Eleito com margem mínima de vantagem sobre Jair Bolsonaro (PL) - 50,8% dos votos válidos, contra 49,2% obtidos pelo presidente -, o ex-presidente Luiz Inácio Lula da Silva (PT) está definindo a escalação da equipe que vai compor os 37 ministérios de seu terceiro governo a partir de 1º de janeiro de 2023. Não bastasse o número excessivo de pastas, uma ignomínia em tempos de necessidade de austeridade fiscal, a propalada contemplação de partidos que formaram a coalização que ajudou a eleger Lula ainda não aconteceu.

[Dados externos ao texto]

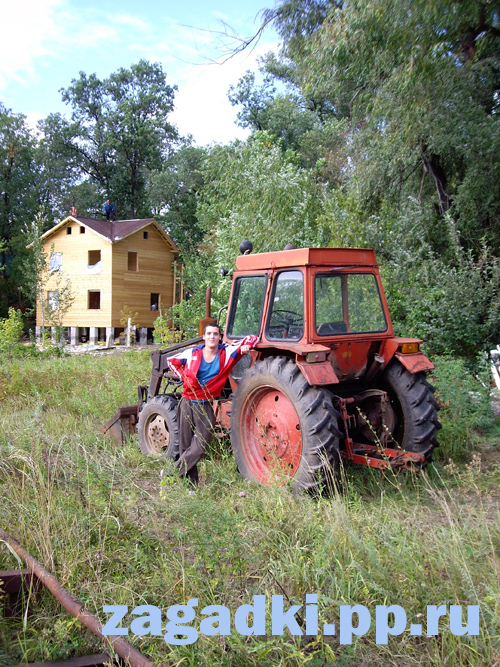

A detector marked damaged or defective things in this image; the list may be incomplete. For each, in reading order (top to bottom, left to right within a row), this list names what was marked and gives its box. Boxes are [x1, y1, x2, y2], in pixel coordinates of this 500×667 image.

rusty metal rail [0, 528, 156, 667]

Nomes do centro que arregaçaram as mangas na campanha petista no segundo turno, como a senadora e ex-presidenciável Simone Tebet (MDB), lidam com o constrangimento de ter de aguardar até o último momento para saber se de fato assumirão alguma pasta.

O que se viu por ora na formação da equipe ministerial é o chamado samba de uma nota só, com o petismo e seus espectros da esquerda dominando as indicações. Há quadros do partido que já atuaram nas gestões anteriores de Lula e da ex-presidente Dilma Rousseff e voltam à cena - casos de Fernando Haddad, agora na Economia; Aloizio Mercadante, cuja nomeação para o BNDES promoveu até uma conveniente e nada prudente alteração na Lei das Estatais por parte do Congresso Nacional, em votação relâmpago; e Alexandre Padilha, alocado nas Relações Institucionais. E os petistas do Nordeste que deixaram a chefia de seus estados e vão abdicar do mandato no Senado - Rui Costa, da Bahia, nomeado para a Casa Civil, Wellington Dias, do Piauí, que atuará no Desenvolvimento Social, e Camilo Santana, do Ceará, futuro ministro da Educação.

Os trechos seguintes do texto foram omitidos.